Troll’s father and grandfather operated the Richland Drive-In from 1949 to the 1970s on land that later became Richland Mall and Richland Town Centre.
Troll has been in the midst of the stupendous growth of the movie industry.
When Troll opened the Duke and Duchess, he was fortunate to have a film titled “Jaws” make its debut.
“That was the first-ever summer blockbuster and it changed the industry,” he said.
“My theater was sold out for a month and lines stretched through the mall, blocking the entrance to storefronts.”
Another monumental movie burst onto the scene in May 1977 when Luke Skywalker left his home planet, teamed up with other rebels, and saved Princess Leia from the evil clutches of Darth Vader in the release of “Star Wars.”
“It was during the ’77 Flood and we ran it for six months,” Troll said.
“Ironically, even recessions don’t hurt us because movies are a form of escapism.”
Don’t let Troll’s trademark pony tail, casual dress and laid-back demeanor fool you.
He is a savvy businessman who has had to make crucial decisions to keep the family business afloat.
Several national theater chains have attempted to open multiplex theaters in the region, threatening the survival of the family business.
In December 1988, Manos Theater of Greensburg announced plans to create a $2.5 million, 10-screen theater. The move could have crippled County Amusement.
The Manos plans stalled over a lease agreement with Glosser Bros. for property at University Park Shopping Center.
As the third-generation Troll to be involved in the business, he went on the offensive.
In the fall 1989, Richland Mall Cinemas Inc. was formed and another family was added that has roots dating back to the Nickelodeon days.
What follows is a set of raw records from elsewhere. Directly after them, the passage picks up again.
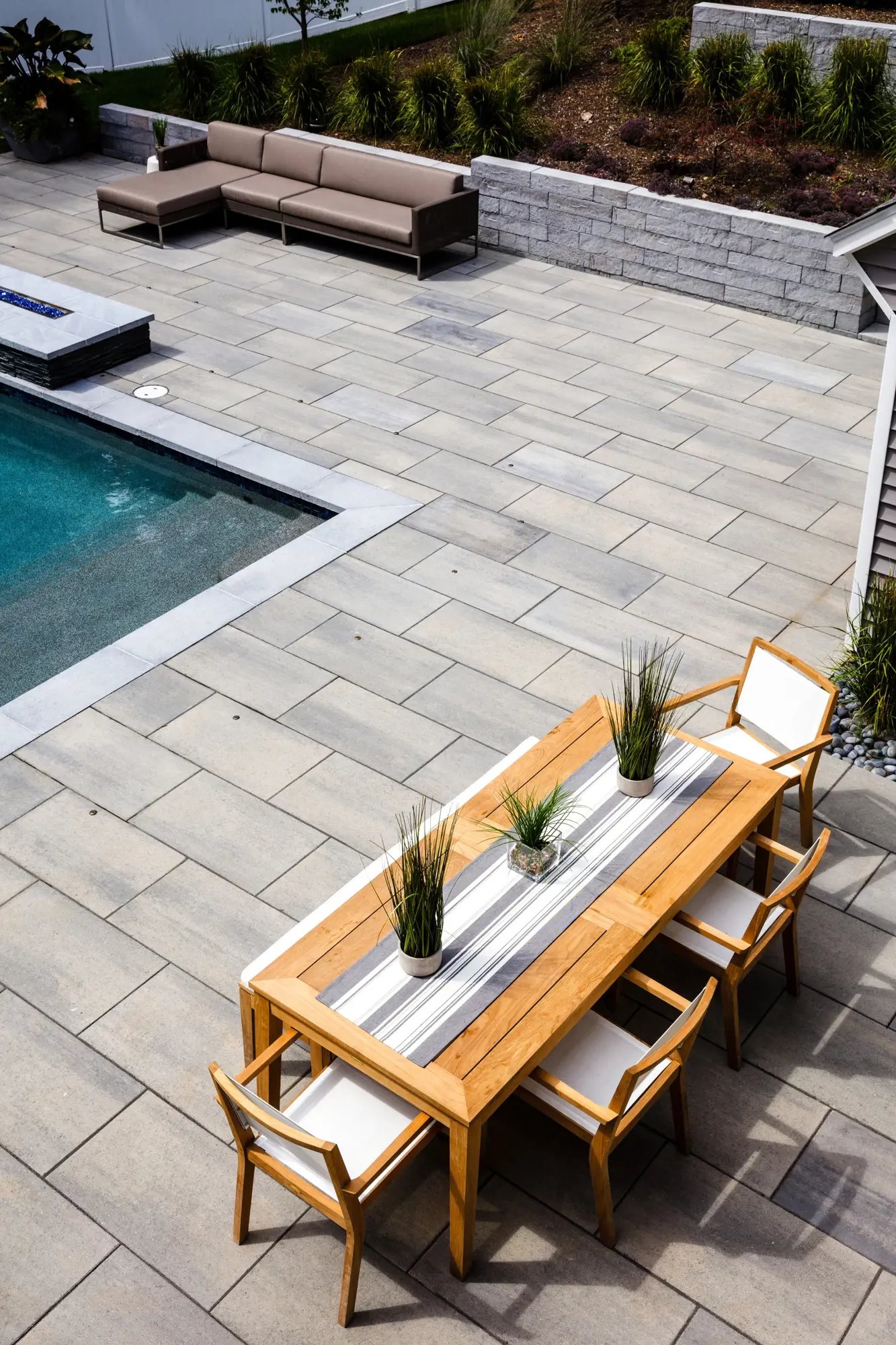 BLU GRANDE HD² SLAB SMOOTH SHALE GREY | Techo-Bloc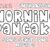 Morning Pancake Font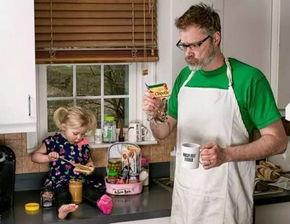 超级奶爸 人,育儿路上的温馨与挑战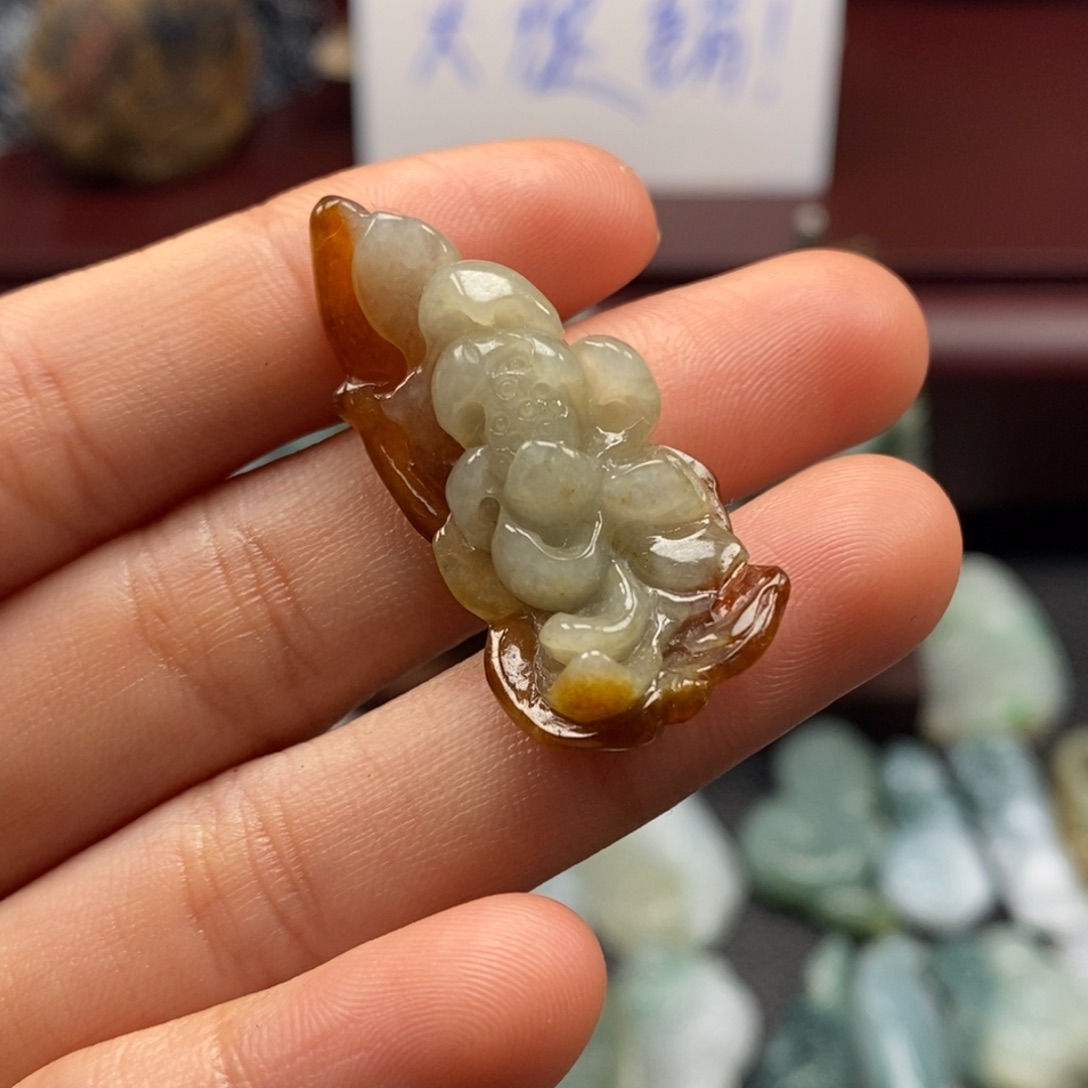 定制翡翠未镶嵌天然缅料a货翡翠
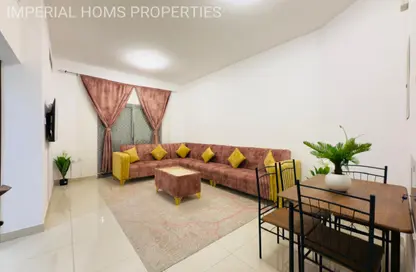 Apartment - 1 Bedroom - 2 Bathrooms for rent in Al Naemiya Tower 1 - Al Naemiya Towers - Al Nuaimiya - Ajman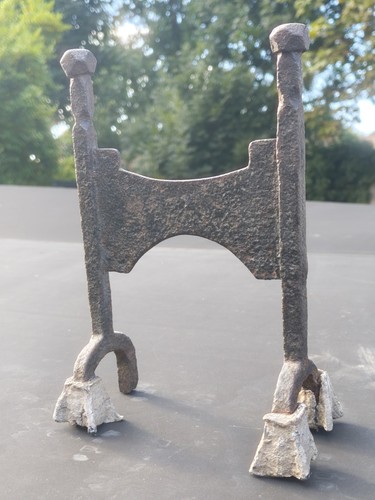 Forged boot scraper - forged,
Louis P. Silverman, currently of State College, came on board as a partner.
Instrumental in designing Richland Mall Cinemas, which once housed a supermarket, Troll has worked tirelessly to keep his theaters on the cutting edge.
“We gutted the old Shop ’n’ Save and I had to design a floor plan around vertical beams that supported the roof,” he said.
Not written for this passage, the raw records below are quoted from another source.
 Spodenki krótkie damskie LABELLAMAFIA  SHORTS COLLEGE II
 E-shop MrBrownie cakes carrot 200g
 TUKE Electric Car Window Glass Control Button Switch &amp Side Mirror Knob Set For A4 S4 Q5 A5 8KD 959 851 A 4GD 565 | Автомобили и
“We couldn’t remove the supports so I had to design our rooms around them.”
In his current building at Richland Town Centre, Troll insisted on having stadium seating, a better sound system and installed a rearview projection system in the lobby.
Troll has been in the business long enough to realize there always will be challenges and lean times.
“In all my years at the theaters, the most uncertain time for me was from 1990 to 1997,” he said.
There was talk of a 15-screen multiplex theater being built at The Galleria, which replaced Richland Mall as the Johnstown region’s main shopping center.
“The marketplace is only big enough for one multiplex theater,” Troll said.
“These chains have deep pockets and posed a threat.”
As the ultimate survivor, Troll gambled and built his latest theater in the shadow of his former movie house.
“I was the last man standing,” he quipped.
Richland Mall Cinemas was demolished once the move to its new home was complete.
“You don’t have to be an industry expert or a financial wizard to know that our region cannot support two multiplex theaters,” Troll said.
The family aspect of the business continues as Troll’s daughter-in-law, Donna, has been given the responsibility of much of the day-to-day operation.
“I had opportunities to go into accounting or international business, but being part of a family operation has many benefits,” she said.
“The business has weathered many challenges and we continue to give the public top-notch entertainment.”